§ **PROVIDED MATERIAL**
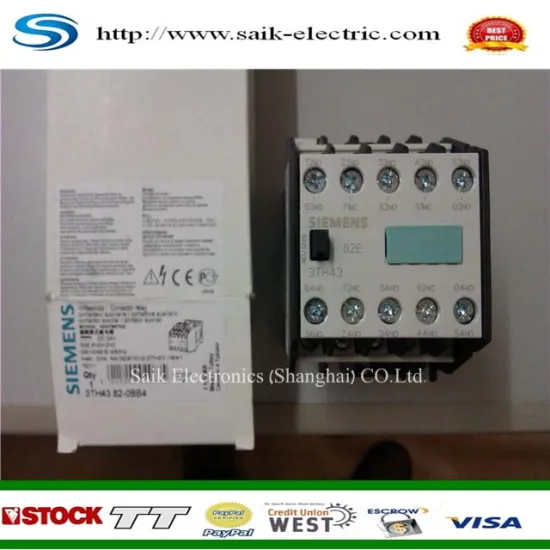 (New and Original) Contactor 3TH4382-0BB4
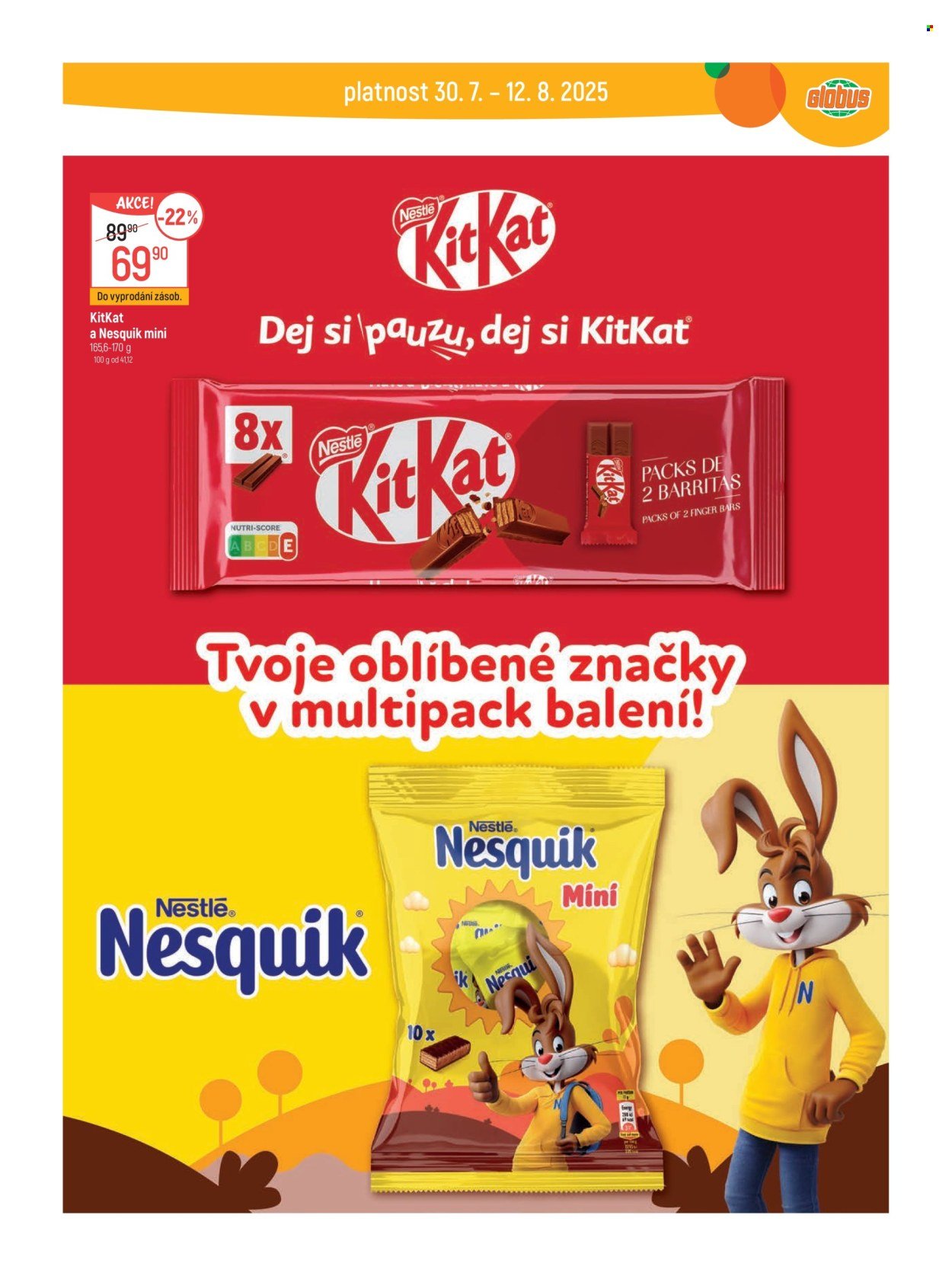 GLOBUS leták - Od středy 30.7.2025 (2025-07-30 - 2025-08-05)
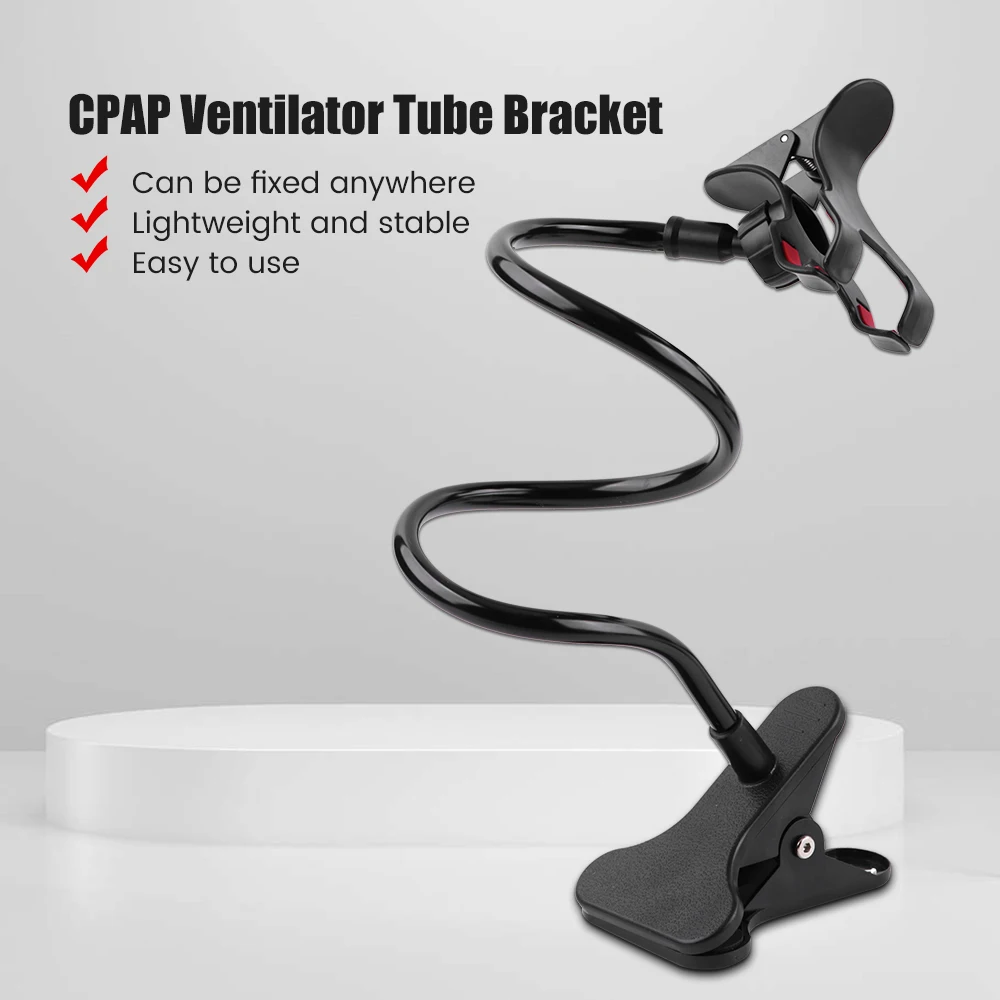 調整可能なベンチレーターパイプブラケット、cpapホース用、 - Dual Monitor Stand のレビューと価格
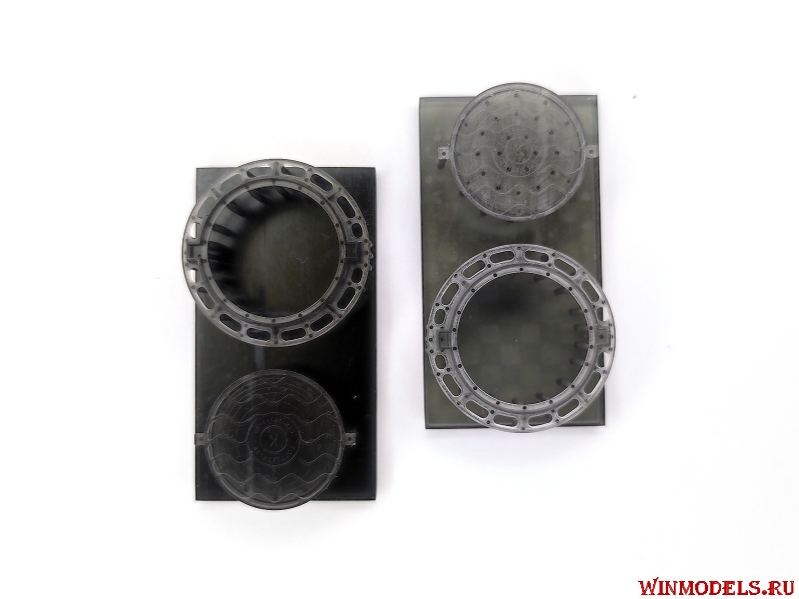 MWS-0009 Люк смотрового колодца тип 3, 2 шт.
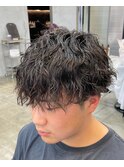 ツイストスパイラルパーマ
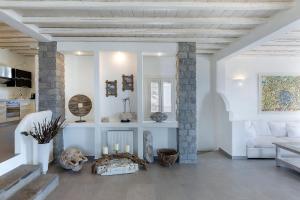 Posedenie v ubytovaní Villa Pergisos by Whitelist Mykonos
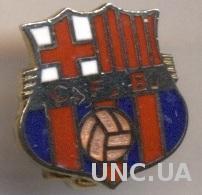 футбол.клуб Барселона (Испания)3 ЭМАЛЬ /FC Barcelona,Spain football enamel badge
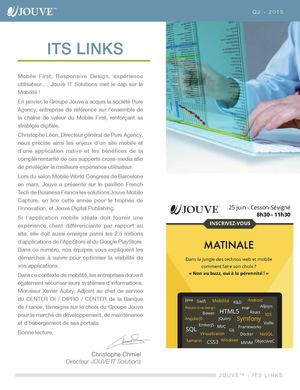 Jouve Its Links 2015 Q2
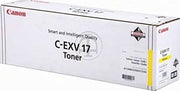 Canon C-EXV 17Y Yellow Toner Cartridge for (IRC4080, IRC4580,IRC5180) (GPR-21) | CEXV17Y- 0259B002AA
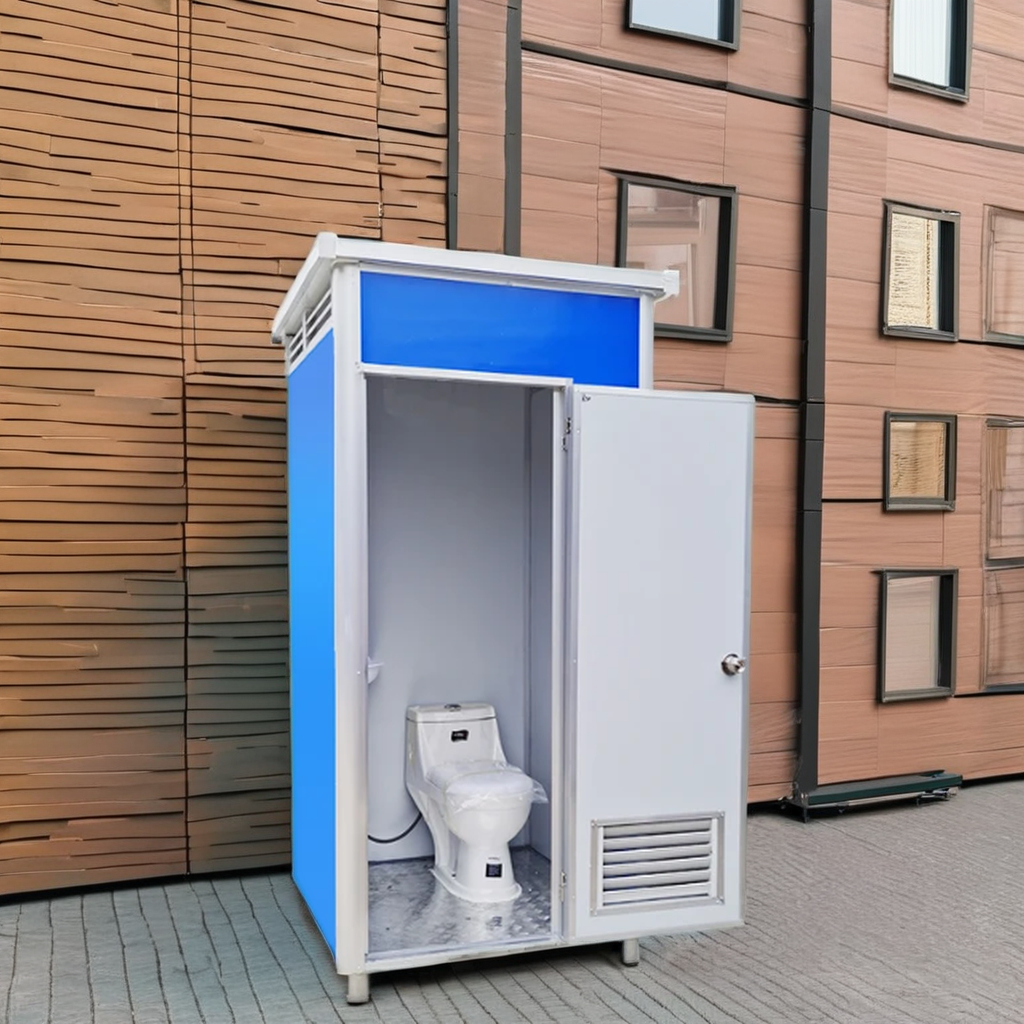 Outdoor Furniture In - Prefabricated Shower Cabin Single Double White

§ **TO DO**
Look above for the line with "ツイストスパイラルパーマ", then give again exactly every line from there through the line with "Jouve Its Links 2015 Q2", skipping the pictures.

§ **TASK SOLUTION**
 ツイストスパイラルパーマ
 Posedenie v ubytovaní Villa Pergisos by Whitelist Mykonos
 футбол.клуб Барселона (Испания)3 ЭМАЛЬ /FC Barcelona,Spain football enamel badge
 Jouve Its Links 2015 Q2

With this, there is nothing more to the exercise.